🇺🇸We expect easing #labor supply constraints & historically tight labor market conditions will draw people back into the US workforce in the coming quarters
We see the US labor force participation (LFPR) rate gradually rising from 61.6% to around 62.6% by the end 2022
Short 🧵
While the LFPR recovery is expected to undershoot the pre-pandemic rate (over 63%), the shortfall mostly reflects an aging population.
We find that the drag from baby boomers retiring (or exiting early) has offset the boost from sidelined workers re-entering the labor force.
We estimate that about 30% of the LFPR shortfall, or 0.4ppt, is structural (aging of the US population).

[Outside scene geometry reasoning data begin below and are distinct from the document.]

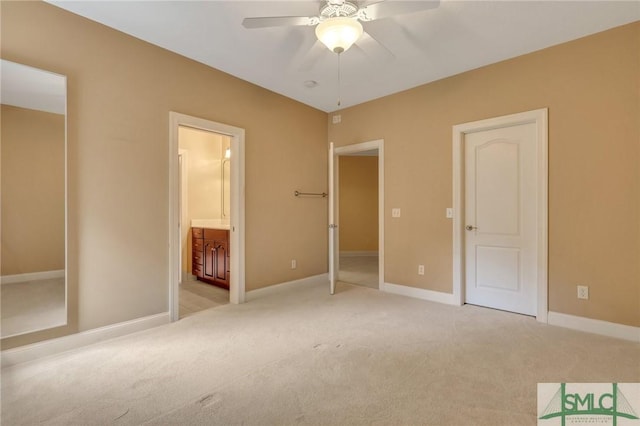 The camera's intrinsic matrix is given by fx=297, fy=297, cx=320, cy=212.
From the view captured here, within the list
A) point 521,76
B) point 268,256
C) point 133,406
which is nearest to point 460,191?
point 521,76

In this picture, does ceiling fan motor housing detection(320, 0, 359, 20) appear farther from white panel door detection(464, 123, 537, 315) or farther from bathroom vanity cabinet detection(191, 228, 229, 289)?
bathroom vanity cabinet detection(191, 228, 229, 289)

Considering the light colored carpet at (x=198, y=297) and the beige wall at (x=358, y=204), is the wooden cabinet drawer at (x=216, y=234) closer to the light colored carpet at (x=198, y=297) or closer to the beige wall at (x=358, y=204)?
the light colored carpet at (x=198, y=297)

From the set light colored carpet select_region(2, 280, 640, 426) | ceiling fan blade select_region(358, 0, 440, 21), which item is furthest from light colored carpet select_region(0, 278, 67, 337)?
ceiling fan blade select_region(358, 0, 440, 21)

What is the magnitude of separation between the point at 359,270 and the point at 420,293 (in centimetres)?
198

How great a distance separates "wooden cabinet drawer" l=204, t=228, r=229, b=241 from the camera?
4129mm

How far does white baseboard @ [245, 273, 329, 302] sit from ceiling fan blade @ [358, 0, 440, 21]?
3178 mm

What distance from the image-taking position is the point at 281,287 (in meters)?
4.14

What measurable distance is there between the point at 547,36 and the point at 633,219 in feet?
5.87

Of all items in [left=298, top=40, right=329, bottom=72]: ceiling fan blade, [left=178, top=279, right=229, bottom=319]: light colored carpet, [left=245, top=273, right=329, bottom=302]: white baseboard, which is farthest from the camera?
[left=245, top=273, right=329, bottom=302]: white baseboard

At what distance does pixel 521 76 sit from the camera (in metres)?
3.09

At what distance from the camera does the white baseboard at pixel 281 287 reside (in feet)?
12.4

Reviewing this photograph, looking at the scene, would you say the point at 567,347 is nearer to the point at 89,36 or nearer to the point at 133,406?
the point at 133,406

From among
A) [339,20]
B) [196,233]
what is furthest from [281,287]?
[339,20]

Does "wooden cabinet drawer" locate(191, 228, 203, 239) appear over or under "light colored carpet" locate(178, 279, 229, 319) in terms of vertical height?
over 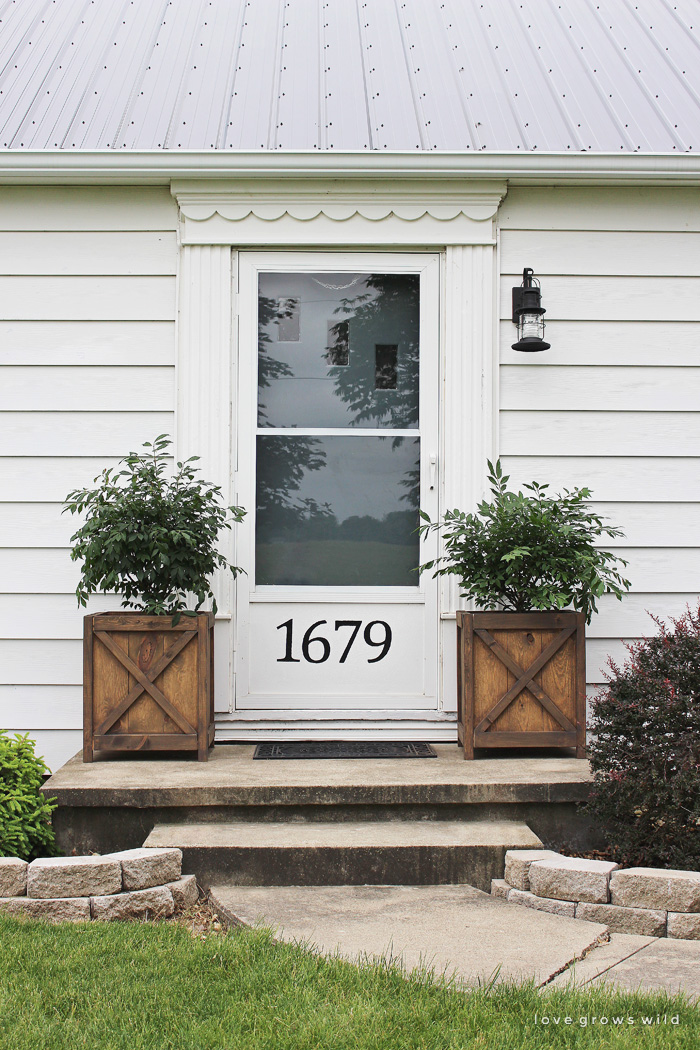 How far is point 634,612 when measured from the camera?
4301mm

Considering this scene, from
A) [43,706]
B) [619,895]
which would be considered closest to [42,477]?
[43,706]

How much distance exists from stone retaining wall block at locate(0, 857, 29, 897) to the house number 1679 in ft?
5.37

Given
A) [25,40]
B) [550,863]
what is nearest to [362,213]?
[25,40]

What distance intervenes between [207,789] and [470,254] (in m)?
2.86

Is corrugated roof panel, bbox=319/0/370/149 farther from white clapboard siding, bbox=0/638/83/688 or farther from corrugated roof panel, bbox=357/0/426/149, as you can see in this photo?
white clapboard siding, bbox=0/638/83/688

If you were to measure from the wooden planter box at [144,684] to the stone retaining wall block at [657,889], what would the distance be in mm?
1815

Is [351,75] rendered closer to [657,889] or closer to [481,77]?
[481,77]

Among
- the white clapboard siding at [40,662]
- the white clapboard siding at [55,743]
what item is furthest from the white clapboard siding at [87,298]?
→ the white clapboard siding at [55,743]

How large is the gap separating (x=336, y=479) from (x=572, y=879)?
7.34 feet

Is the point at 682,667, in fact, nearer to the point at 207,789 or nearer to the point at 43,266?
the point at 207,789

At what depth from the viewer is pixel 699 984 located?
2.38m

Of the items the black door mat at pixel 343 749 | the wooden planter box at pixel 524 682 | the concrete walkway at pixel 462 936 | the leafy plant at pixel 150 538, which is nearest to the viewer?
the concrete walkway at pixel 462 936

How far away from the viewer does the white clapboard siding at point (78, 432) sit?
4.29 meters

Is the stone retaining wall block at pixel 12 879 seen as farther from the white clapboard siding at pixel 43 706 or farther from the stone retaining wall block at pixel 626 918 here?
the stone retaining wall block at pixel 626 918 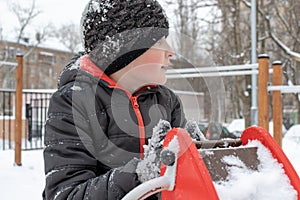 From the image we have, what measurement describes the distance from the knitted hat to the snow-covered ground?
1.40 ft

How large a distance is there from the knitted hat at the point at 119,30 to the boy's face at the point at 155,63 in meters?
0.02

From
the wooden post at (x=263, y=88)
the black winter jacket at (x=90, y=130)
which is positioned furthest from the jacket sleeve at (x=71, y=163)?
the wooden post at (x=263, y=88)

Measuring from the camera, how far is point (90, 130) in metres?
1.00

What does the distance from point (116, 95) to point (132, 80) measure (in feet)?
0.23

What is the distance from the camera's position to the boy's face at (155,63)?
1066 mm

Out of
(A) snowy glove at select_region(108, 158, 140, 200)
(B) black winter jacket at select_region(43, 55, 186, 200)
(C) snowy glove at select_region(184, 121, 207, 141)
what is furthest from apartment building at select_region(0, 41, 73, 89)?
(A) snowy glove at select_region(108, 158, 140, 200)

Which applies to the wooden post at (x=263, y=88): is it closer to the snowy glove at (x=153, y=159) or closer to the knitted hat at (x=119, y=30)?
the knitted hat at (x=119, y=30)

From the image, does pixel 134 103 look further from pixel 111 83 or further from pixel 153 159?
pixel 153 159

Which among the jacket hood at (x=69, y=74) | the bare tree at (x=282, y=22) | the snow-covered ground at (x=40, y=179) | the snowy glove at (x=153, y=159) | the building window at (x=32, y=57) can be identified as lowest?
the snow-covered ground at (x=40, y=179)

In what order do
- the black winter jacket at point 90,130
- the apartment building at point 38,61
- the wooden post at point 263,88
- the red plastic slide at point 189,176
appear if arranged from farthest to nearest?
the apartment building at point 38,61 < the wooden post at point 263,88 < the black winter jacket at point 90,130 < the red plastic slide at point 189,176

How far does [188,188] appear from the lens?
0.74 meters

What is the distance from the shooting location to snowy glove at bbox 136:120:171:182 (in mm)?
828

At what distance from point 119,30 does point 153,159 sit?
42 centimetres

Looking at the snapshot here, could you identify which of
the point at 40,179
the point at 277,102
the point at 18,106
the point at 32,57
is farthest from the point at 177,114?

Remaining 70% attributable to early retirement, lost immigration, & some temporary headwinds stemming from lingering Covid fear, childcare responsibilities, & discouragement
Marked improvement in the public health situation, return to in-person schooling, vaccination of children aged 5-11 & expiration of emergency unemployment benefits should create an incentive for hesitant workers to re-enter the workforce.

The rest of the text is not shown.